Para dar a devida dimensão à importância e tamanho da carreira de Kirk Douglas, basta lembrar que ele ganhou seu primeiro troféu pelas realizações da vida no Globo de Ouro de 1968. Quase 30 anos depois, em 1996, foi a vez do Oscar homenageá-lo por sua impressionante filmografia. Após mais três anos, foi a vez do SAG (Sindicato dos Atores). E ele ainda estava ativo. Em 2001, foi a vez do Festival de Berlim.
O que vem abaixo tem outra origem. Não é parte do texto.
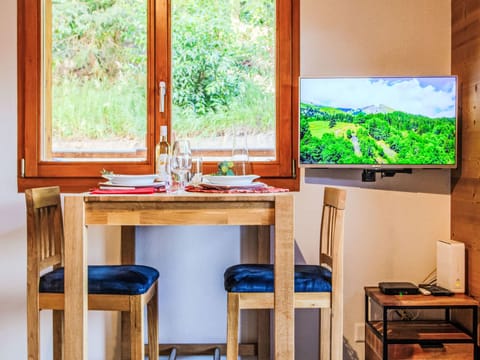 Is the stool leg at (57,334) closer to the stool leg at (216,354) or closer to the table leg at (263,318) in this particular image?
the stool leg at (216,354)

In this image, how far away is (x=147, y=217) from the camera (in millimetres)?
1820

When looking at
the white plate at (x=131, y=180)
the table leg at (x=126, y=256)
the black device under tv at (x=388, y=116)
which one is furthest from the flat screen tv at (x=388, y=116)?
the table leg at (x=126, y=256)

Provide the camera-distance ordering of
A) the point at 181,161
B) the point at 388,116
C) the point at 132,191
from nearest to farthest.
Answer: the point at 132,191 < the point at 181,161 < the point at 388,116

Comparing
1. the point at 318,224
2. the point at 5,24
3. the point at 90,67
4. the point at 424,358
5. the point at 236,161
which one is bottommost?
the point at 424,358

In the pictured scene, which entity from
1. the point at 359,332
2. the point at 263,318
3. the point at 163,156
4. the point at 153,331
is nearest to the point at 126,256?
the point at 153,331

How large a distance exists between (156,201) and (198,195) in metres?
0.17

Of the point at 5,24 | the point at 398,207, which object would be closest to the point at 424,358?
the point at 398,207

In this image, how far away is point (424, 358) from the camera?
2.21 metres

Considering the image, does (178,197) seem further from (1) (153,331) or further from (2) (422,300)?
(2) (422,300)

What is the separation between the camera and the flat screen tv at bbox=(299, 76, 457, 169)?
245 centimetres

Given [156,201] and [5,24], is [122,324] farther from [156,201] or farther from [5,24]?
[5,24]

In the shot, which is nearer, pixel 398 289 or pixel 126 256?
pixel 398 289

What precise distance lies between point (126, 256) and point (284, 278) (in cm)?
110

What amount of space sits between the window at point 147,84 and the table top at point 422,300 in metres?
0.77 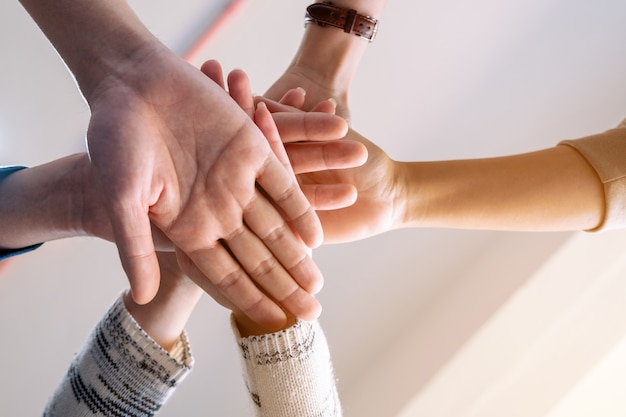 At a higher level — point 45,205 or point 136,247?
point 136,247

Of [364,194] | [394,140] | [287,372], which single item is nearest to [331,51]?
[364,194]

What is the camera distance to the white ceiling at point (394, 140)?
1234 mm

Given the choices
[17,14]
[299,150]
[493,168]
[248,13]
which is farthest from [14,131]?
[493,168]

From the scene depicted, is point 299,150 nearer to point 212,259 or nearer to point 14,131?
point 212,259

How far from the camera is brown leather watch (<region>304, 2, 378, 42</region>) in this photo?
992 mm

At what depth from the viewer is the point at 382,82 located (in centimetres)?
135

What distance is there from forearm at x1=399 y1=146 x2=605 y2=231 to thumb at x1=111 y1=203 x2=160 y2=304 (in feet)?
1.20

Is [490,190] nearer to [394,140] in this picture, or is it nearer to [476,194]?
[476,194]

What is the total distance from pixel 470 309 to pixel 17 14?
0.93 m

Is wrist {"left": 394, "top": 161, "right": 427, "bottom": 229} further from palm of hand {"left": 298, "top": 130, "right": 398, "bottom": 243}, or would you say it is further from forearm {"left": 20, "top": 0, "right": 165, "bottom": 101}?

Até o WGA (Sindicato dos Roteiristas) lhe deu um prêmio em reconhecimento pelo que fez por Dalton Trumbo.
Na verdade, a indústria cinematográfica nunca parou de homenageá-lo, desde que ele ganhou sua estrela na Calçada da Fama em 1960. E o motivo de tanto carinho é que, em contraste com os papéis de malvados, ele foi um grande herói da vida real. Não apenas por enfrentar o fascismo americano. Mas por criar a Fundação Douglas, que desde 1964 investe em vários projetos de educação e saúde, ajudando a manter casas de repouso para astros idosos, hospitais infantis, playgrounds públicos, pesquisas médicas e bolsas de estudos.
Em 2018, já com 101 anos, de cadeira de rodas e com problemas relacionados a seu AVC, Kirk Douglas pôde testemunhar pela última vez como era querido em Hollywood, ao ser aplaudido de pé por toda a geração atual de atores, atrizes e cineastas. Foi a última vez em que apareceu em público, durante o Globo de Ouro.